Acacia grasbyi, commonly known as miniritchie, is a species of flowering plant in the family Fabaceae and is endemic to parts of arid western and central Australia. It is a flat-topped, resinous shrub or tree with Minni ritchi bark, erect, thickly thread-like phyllodes, spikes of golden yellow flowers and linear, somewhat woody pods slightly constricted between the seeds.

==Description==
Acacia grasbyi is a multistemmed, flat-topped, resinous shrub or tree that typically grows to a height of 1–6 m and 3–5 m wide, sometimes branching low to the ground, with reddish brown, minni ritchi bark. The branchlets are orange, grey or light brown, glabrous or with soft hairs between orange ridges and often pimply. Its phyllodes are more or less erect, thickly thread-like, more or less straight or often curved near the base, terete or subterete, mostly 40–70 mm long and 1.0–1.5 mm wide with a coarsely sharp tip. The flowers are golden yellow and borne in spikes 8–30 mm long. Flowering occurs between March and October and the pods are linear, straight or sickle shaped, 60–110 mm long, slightly constricted between the seeds, somewhat woody and covered with tiny soft hairs. The seeds are flattened or round, 6.5–9 mm long and brownish black with a yellowish olive aril.

==Taxonomy==
Acacia grasbyi was first formally described in 1917 by the botanist Joseph Maiden in the Journal and Proceedings of the Royal Society of New South Wales from specimens he collected near the Cue-Milly Soak road in 1909. The specific epithet (grasbyi) honours William Grasby, agricultural editor of the Western Mail, Perth.

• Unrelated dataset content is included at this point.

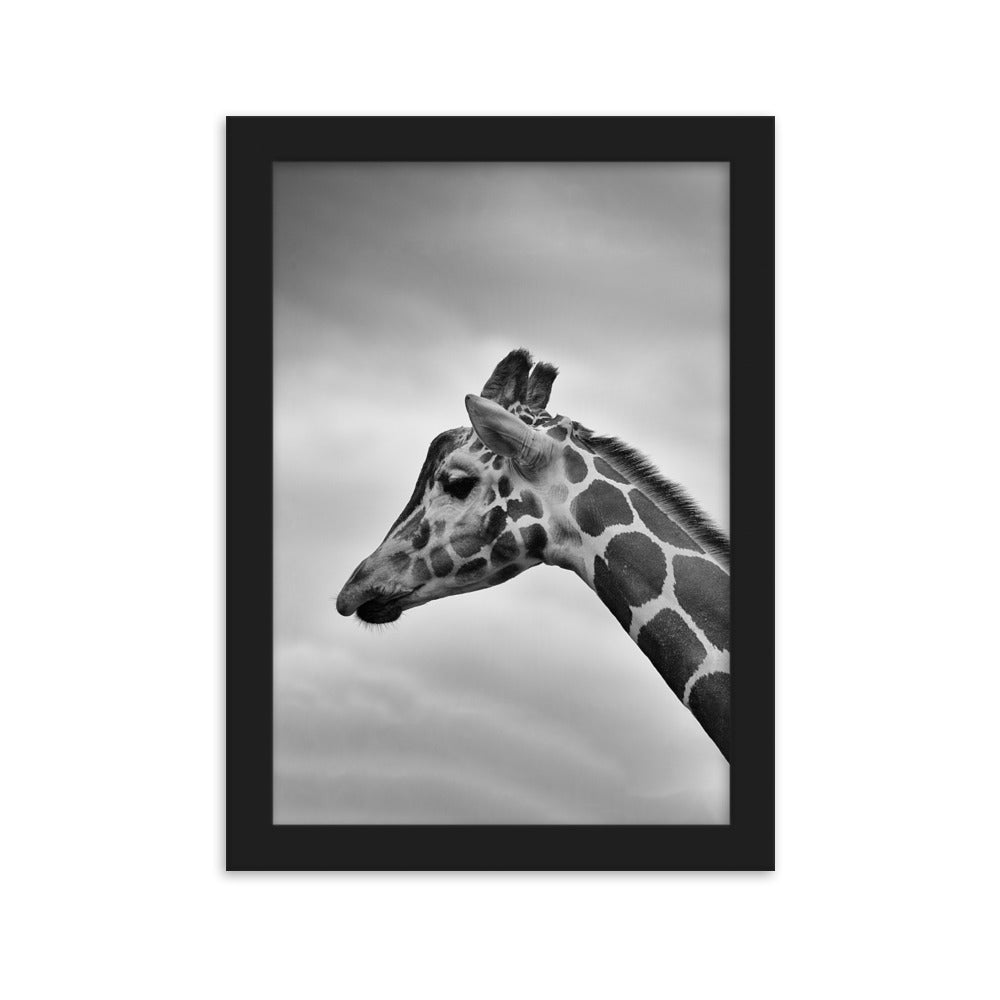 Giraffe - Poster im Rahmen Kuratoren von artlia Schwarz / 21×30 cm artlia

==Distribution and habitat==
Miniritchie occurs throughout the arid interior of Western Australia, especially in the Murchison district, north to the Gibson Desert and south to about 64 km north of Leonora, with isolated populations in the north-west of South Australia and the southern Northern Territory. In Western Australia it grows on plains, granite mesas or undulating hills, in stony red sand or loam in Acacia scrub or shrubland, in the Carnarvon, Gascoyne, Geraldton Sandplains, Great Victoria Desert, Murchison, Swan Coastal Plain, Tanami and Yalgoo bioregions of arid Western Australia.

==Conservation status==
Acacia grasbyi is listed as "not threatened" by the Government of Western Australia Department of Biodiversity, Conservation and Attractions.